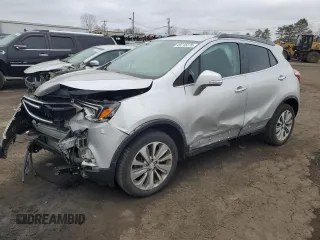 2017 Buick Encore Preferred with VIN KL4CJESB8HB047082, listed as a Copart auction lot 49715275 with 66,502 mi miles and Salvage Title. Bid and sale history available at carsss.com. Image 1.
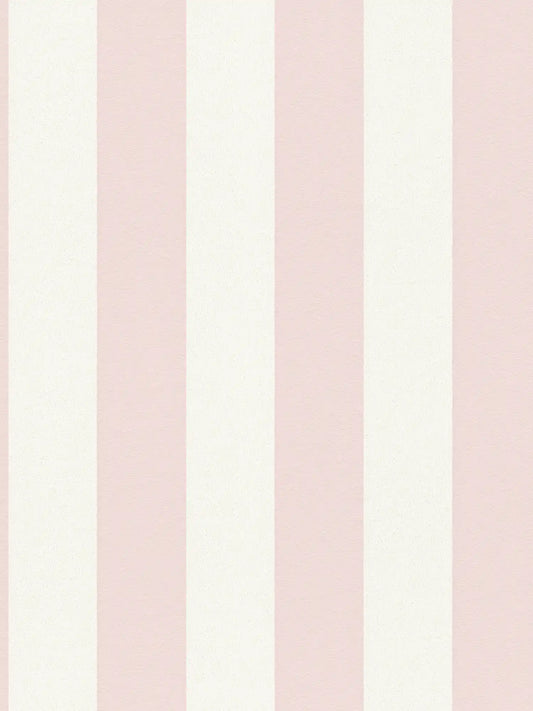 Vinyl Stripes Wallpaper - Pink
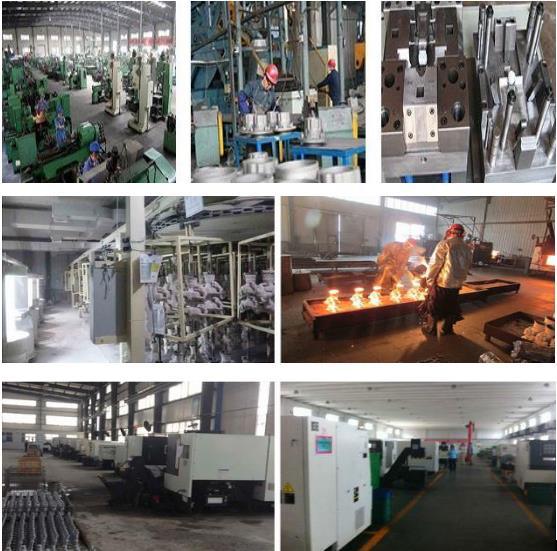 Precision Casting Investment Silia Sol Casting Water Pumps Parts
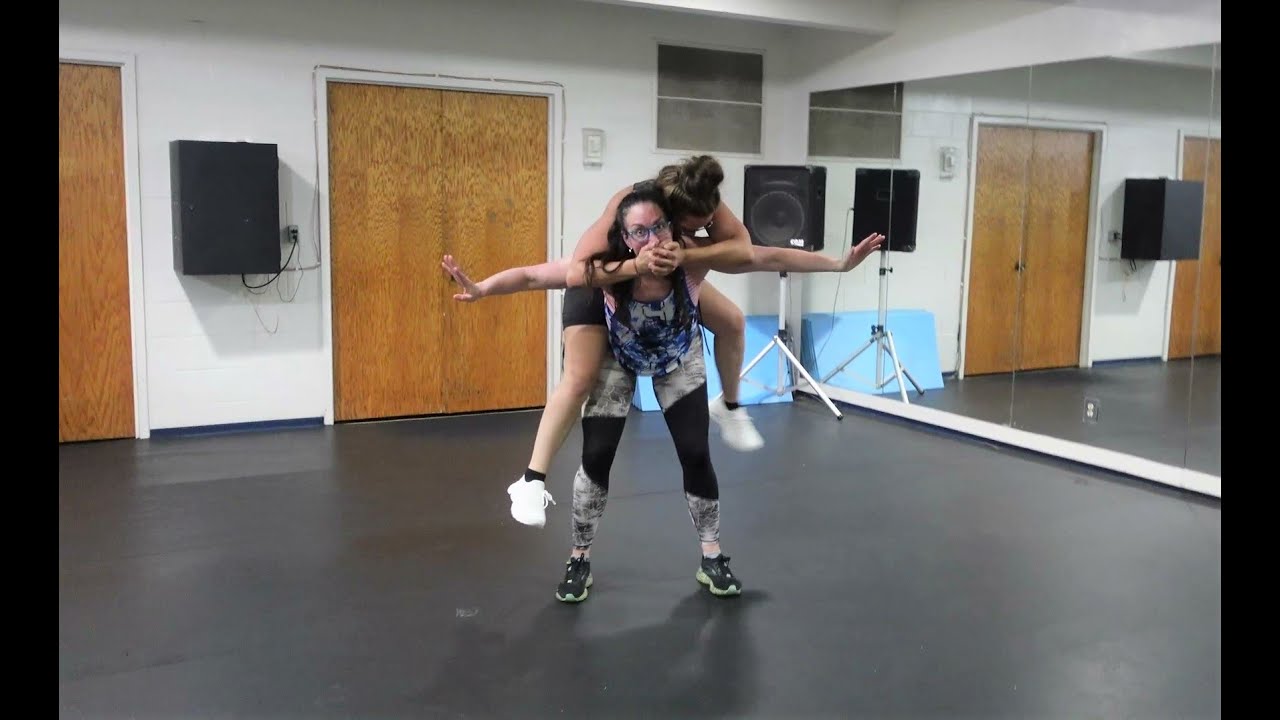 Wrestling,Camel Clutch Handsmother, Piggyback Sleeper Hold, Dragon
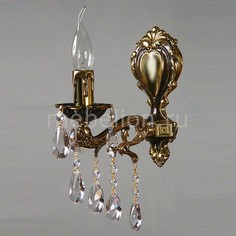 Бра Leon 2128/1 PB Tear Drop Ambiente by Brizzi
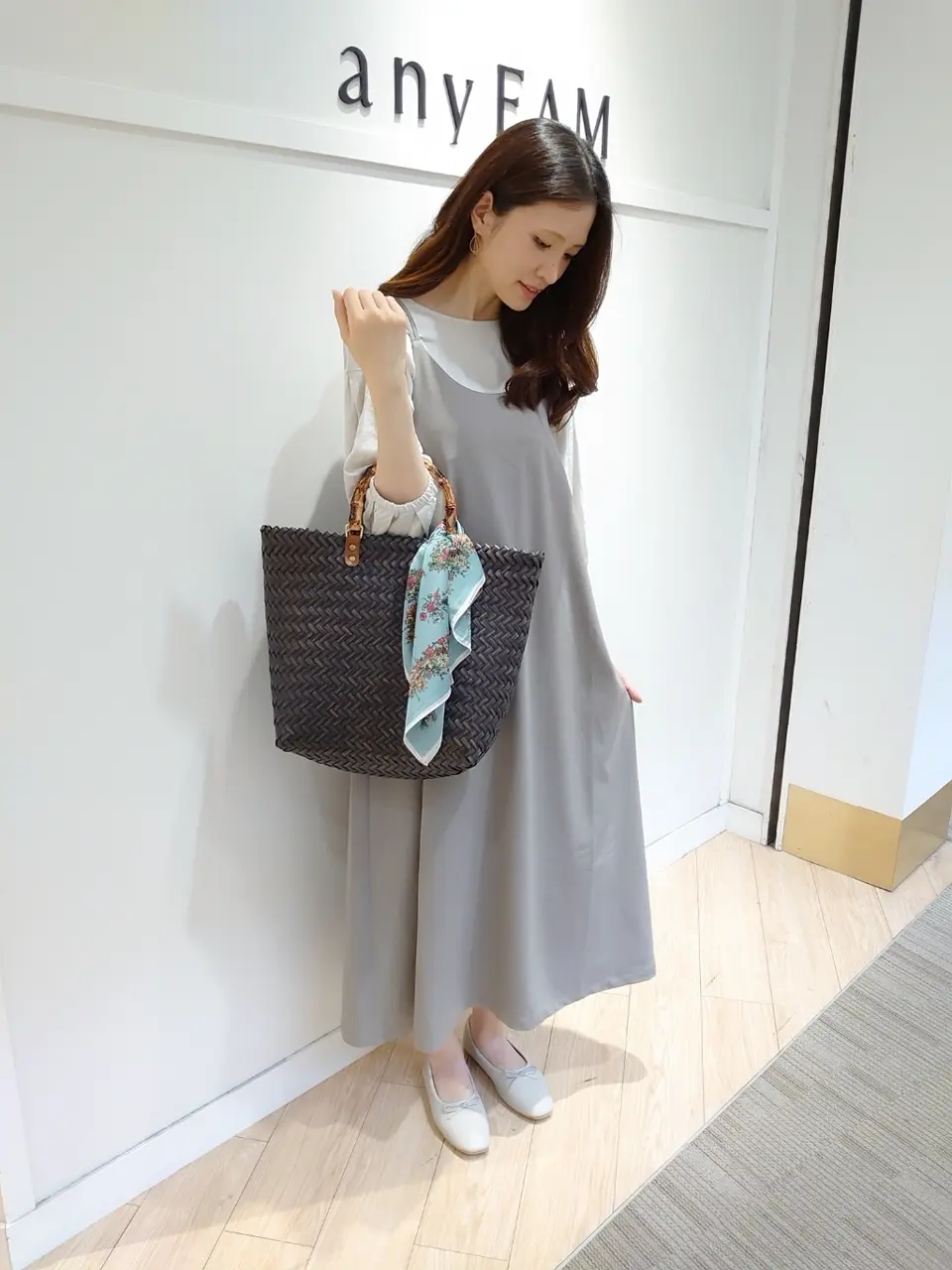 ANY スタッフ コーディネート画像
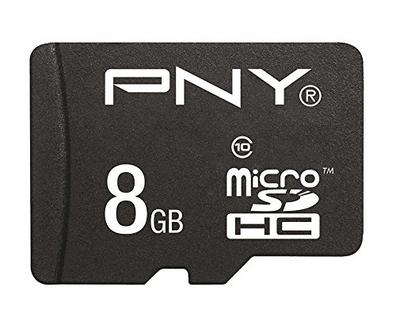 Cartão De Memória MicroSD PNY 8GB Performance Class10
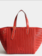 ANYA HINDMARCH Neeson Square Tote - Tomato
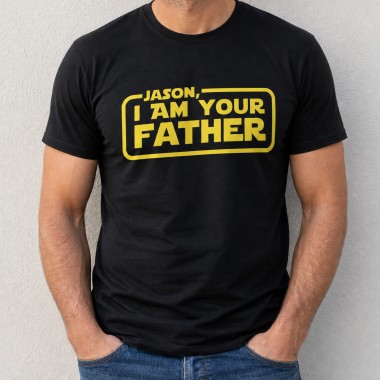 Personalised I Am Your Father T-Shirt - 1
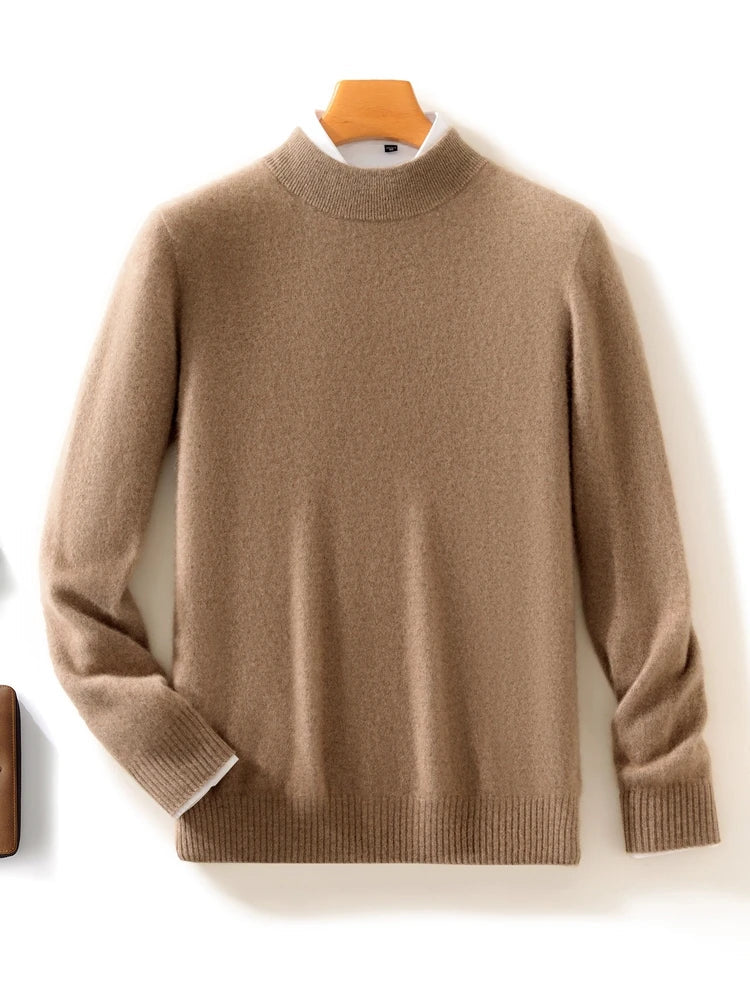Ironclad | Luxuriöser Merino Stehkragenpullover für Männer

════════════════════

▸ WORK REQUIRED
If a picture appears among the records, leave it out, and otherwise reproduce exactly every line from the first line through the one with "Precision Casting Investment", both included.

▸ REPLY TO THE TASK
 2017 Buick Encore Preferred with VIN KL4CJESB8HB047082, listed as a Copart auction lot 49715275 with 66,502 mi miles and Salvage Title. Bid and sale history available at carsss.com. Image 1.
 Vinyl Stripes Wallpaper - Pink
 Precision Casting Investment Silia Sol Casting Water Pumps Parts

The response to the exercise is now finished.